Figure 3.Organization of the NHPRTR. We have designed our database and the interface page to give users a clear sense of the goals, organization and data types present. Pages include the project background (about.html), the latest updates (status.html), connections to other sites (links.html), contact information (contact.html) and the data from the NHPRTR (data.html, including md5sums). From the data page (middle), users can access the raw data or various forms of the processed data, including cleaned data, alignments (using BWA, TopHat or Magic) and assemblies (Oases, TransAbyss and Trinity). The data page will continually update as data are submitted and as work is completed.

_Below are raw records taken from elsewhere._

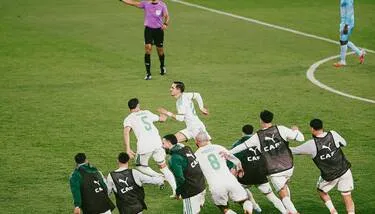 ������� ���� ������ ��� ��� ����� ��� ��� ������� ���� ���� ���� ������� �����������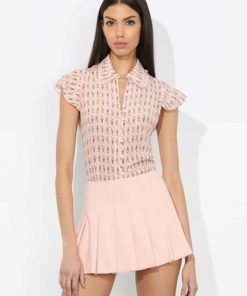 Newaim.shop0479b814b6 1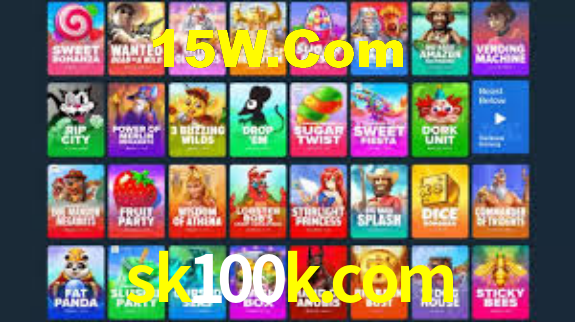 Instant EasyPaisa sk100k.com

Figure 4.Browsable tracks. (A) We used BWA aligner to create cross-species maps of expression, based on the alignment to orthologous sequences of the human genome. Here we show the three library preparation methods (TOT, UDG, RNA), with one in each track for seven species. (B) The insert shows how the Total RNA preparation method (middle expression track) can more readily discern non-poly-adenylated genes, such as the histone genes.